If I were to write this again I'd say that the "hive mind" (mean metaphor, yes, I know) is not an exclusive characteristic of media professionals. I think all professions have a sort of "collective voice" that is as it were its public idiom, and to my mind it isn't the voice of any single individual. Individuals become competent in writing it, but when they write as themselves they sound more like, well, more like you, to be blunt. And I find that more interesting. I read that whole piece and I couldn't tell you what Gary K. really cares about. But I read one paragraph of yours and I feel ready to trust in your power to observe, describe, reflect. I suspect that whatever writing you do on the job also sounds like it's written by a human, even granting the constraints of the style you have to work with. Your own post shows that professionalism is not incompatible with vividness, clarity, originality of voice, actual good judgment, purity of language.
I suspect your enmity is over his dismissive remarks about bloggers, and I think you're taking offense where none is intended. We both know the majority of blogging is dreck; what he doesn't say (but certainly knows, as well) is that the same can be said of editor-approved, published prose as well.
Oh, I feel so -- busted! Condescension puts my back up fearfully, I must admit, and this doesn't seem to be abating with age. I suspect it's getting worse. And when I imagine being lectured by someone about "learning to be edited" it gives me the pip. You might say, "Well, he isn't speaking that way to me personally," and of course that's true, but I don't believe anyone wants to be spoken to in that tone of voice. I am sure he thinks it's kind; certainly everyone who has ever ventured to talk to me in that way has been kind in their intent. But somehow I always experience it as impertinence. I'm not confident he's aware of the tone of this voice.
I'll tell you this: I spent 25 years in newspapers and only rarely worked with good editors, "good" defined as "those who can improve a piece with their suggestions, changes and additions." And I do mean rare -- I could probably count them on one hand. Many fell into the category of "good enough," in the sense that they could trim or add without screwing a story up. And the trailing edge were the butchers who liked to tinker, or more often, slash, just to show they'd been there, like a dog peeing on a bush.
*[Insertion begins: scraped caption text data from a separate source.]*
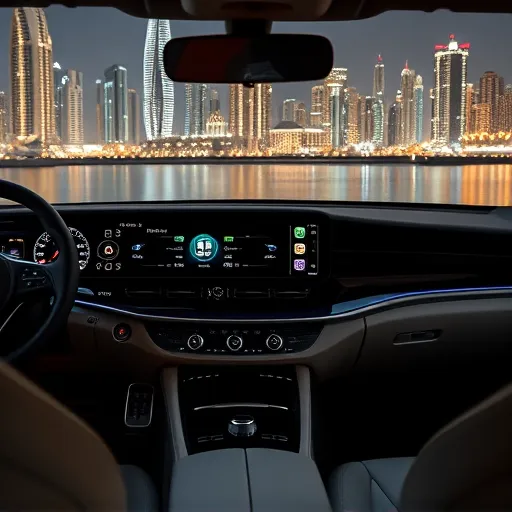 A high-end Maybach car interior featuring an advanced digital dashboard, located in Dubai's skyline at night.
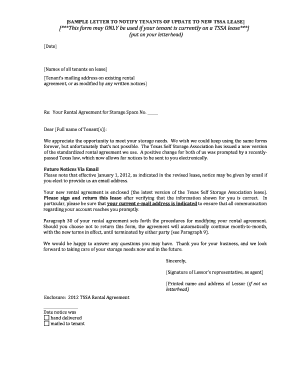 TSSA Lease Update Notification Letter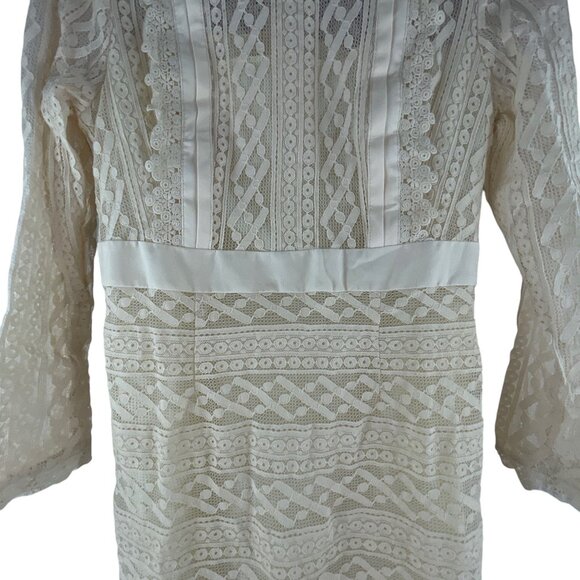 Metisu NWT Cream Sheer Lace Overlay Fishtail Midi Dress M Cottagecore Luxury - Picture 9 of 10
You are pointing at the real story here. Aside from the hardship and the conditions of uncertainty there's also the loss of institutional memory, because the best ways to learn to be a good editor are (1) to read a lot and (2) learn on the job from a good editor. Another instance of self-inflicted obsolescence in that industry?
So basically I bow to the cooler heads. However -- and I'm not saying this to be pigheaded -- I maintain that there is something wrong with the tone of that piece. You do notice the difference between his writing and yours, don't you? I mean if I wanted to explain in words why I attacked that piece, I could just point to your comment here. The difference is the reason why I read your blog every day, and it's really about bigger issues than style.
Oh, and you are the only person who has ever written interestingly about the "nut graf".